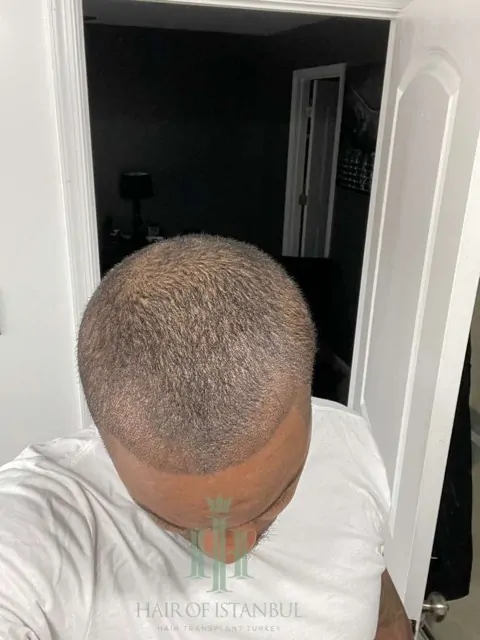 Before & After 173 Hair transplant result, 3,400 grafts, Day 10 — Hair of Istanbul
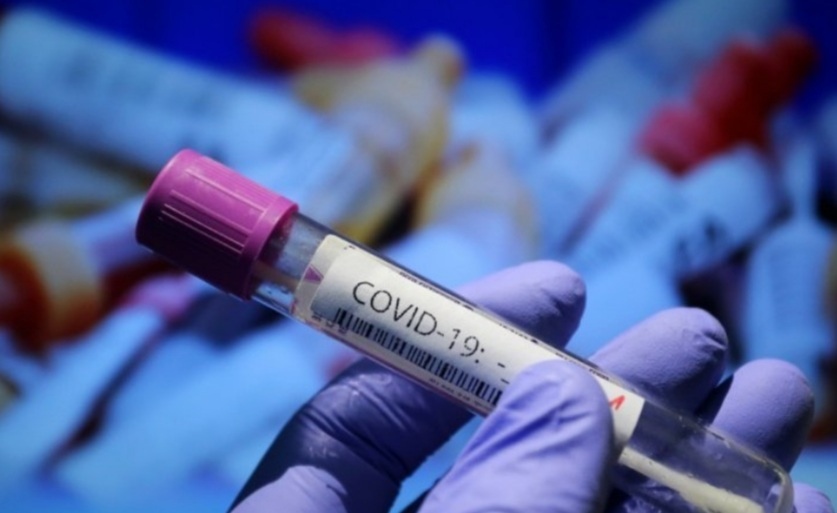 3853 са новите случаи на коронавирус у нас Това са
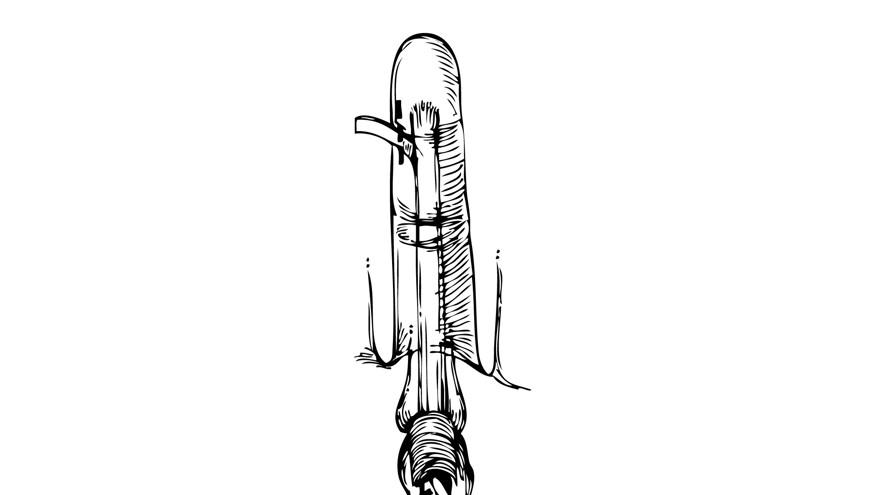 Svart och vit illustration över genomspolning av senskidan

------------------------------------------------------------------------

» **HOW TO COMPLETE THIS TASK**: Repeat the data exactly, excluding the pictures.

» **EXERCISE ANSWER**:
 Before & After 173 Hair transplant result, 3,400 grafts, Day 10 — Hair of Istanbul
 3853 са новите случаи на коронавирус у нас Това са
 Svart och vit illustration över genomspolning av senskidan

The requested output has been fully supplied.